American politician from Delaware

Claire Snyder-Hall (born ) is an American politician. A Democrat, she has represented the 14th district in Delaware House of Representatives since 2024. The district includes Rehoboth Beach, Dewey Beach, and part of Lewes.

== Biography ==
Claire Snyder-Hall was born to Reverend Lee Snyder and Anne Snyder. She received a BA in psychology from Smith College and a PhD in political science from Rutgers University. She taught political science at several schools, including Rutgers, Princeton University, Hunter College, Illinois State University, and New College of Florida, before becoming a tenured faculty member at George Mason University.
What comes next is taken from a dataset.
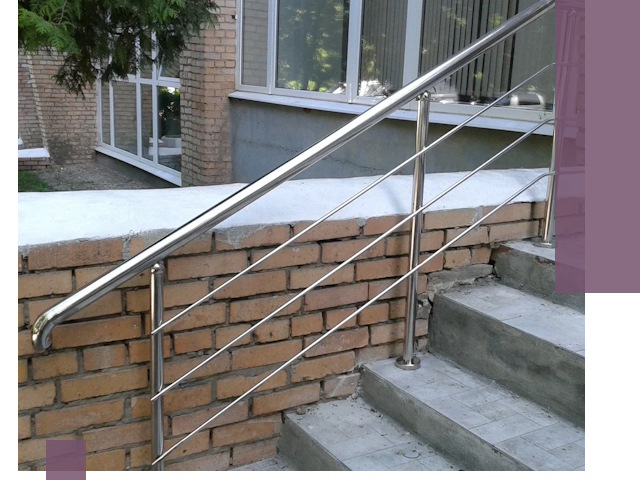 Перила из нержавеющей стали высокого качества в Ишиме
While briefly living in Florida, she was elected to the Sarasota County Democratic Committee and the state Democratic Progressive Caucus, and served as chair of the Sarasota-Charlotte Democratic Progressive Caucus.
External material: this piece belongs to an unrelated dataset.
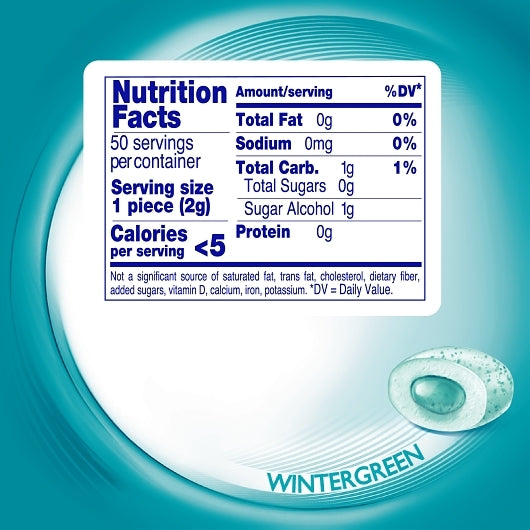 Mentos GUM CURVY BOTTLE WINTERGREEN, 6 x 6 x 50 PC Case - DOT product image 3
Snyder-Hall moved to Rehoboth, Delaware full-time in 2011. She became chair of the 14th representative district's Democratic Committee and served on the Sussex County Democratic Executive Committee. She ran for the Delaware Senate in 2014 to represent the 6th district but lost in the general election to Republican Ernesto Lopez. She served as the executive director of Common Cause Delaware between 2015–2016 and 2020–2021 before being chosen to fill the position permanently in November 2021.

In January 2024, Snyder-Hall announced she was running to replace retiring state representative Peter Schwartzkopf to represent the 14th district in the Delaware House of Representatives. She faced two Democrats in the primary election, Marty Rendon and Kathy McGuiness, the former state auditor who resigned in 2022 after being convicted for conflict of interest and was endorsed by Schwartzkopf. She won the primary election with 41% of the votes, becoming the first woman to nominated to represent the 14th district. She went on to win the general election against Republican Mike Simpler with over 55% of the vote.

==Personal life==
Snyder-Hall married her wife, Mikki, in California in 2008.